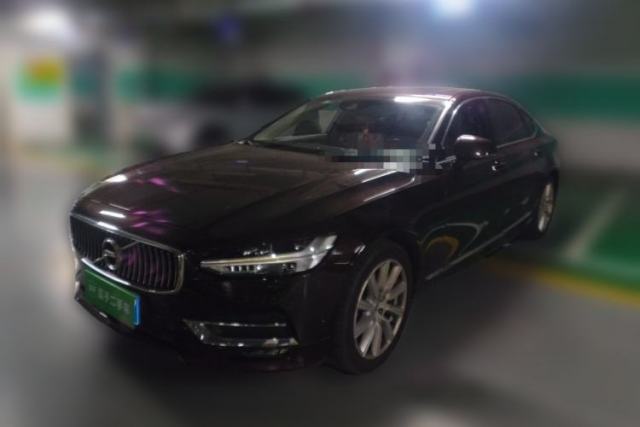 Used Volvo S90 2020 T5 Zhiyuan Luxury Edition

--

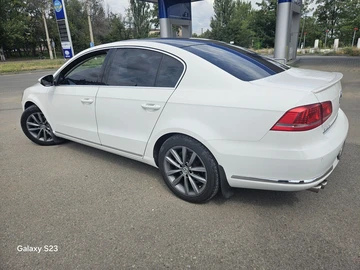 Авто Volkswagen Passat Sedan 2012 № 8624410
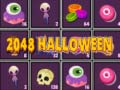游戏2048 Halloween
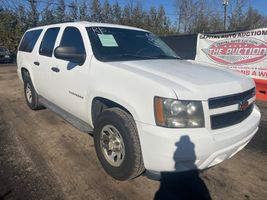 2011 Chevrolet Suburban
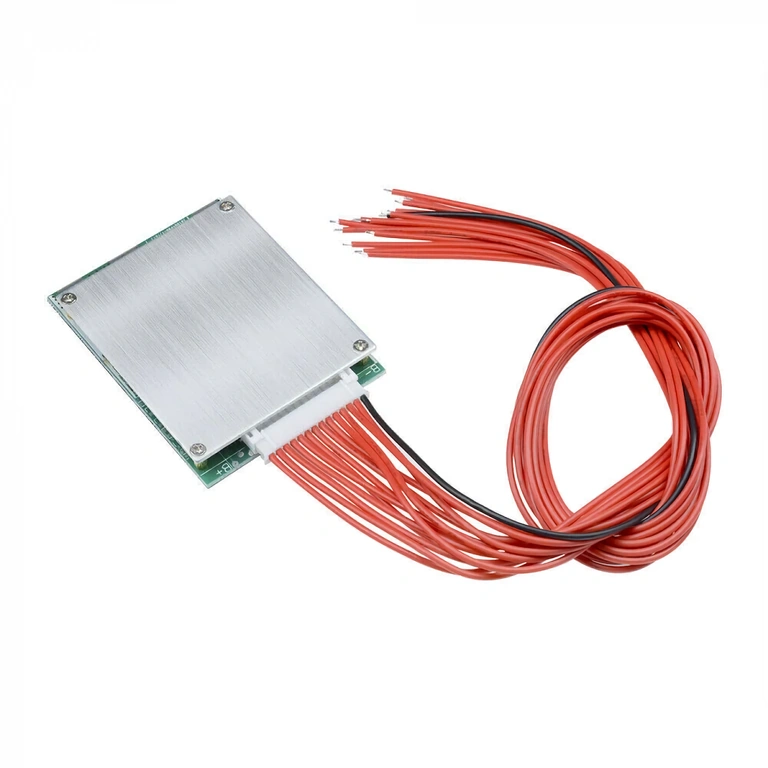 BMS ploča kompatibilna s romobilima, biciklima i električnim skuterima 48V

[Problem requirements] Give again the lines of the listing above that run from the one with "游戏2048 Halloween" up to and including the one with "BMS ploča kompatibilna". Keep them exact and omit the pictures.

[Problem solution]
游戏2048 Halloween
 2011 Chevrolet Suburban
 BMS ploča kompatibilna s romobilima, biciklima i električnim skuterima 48V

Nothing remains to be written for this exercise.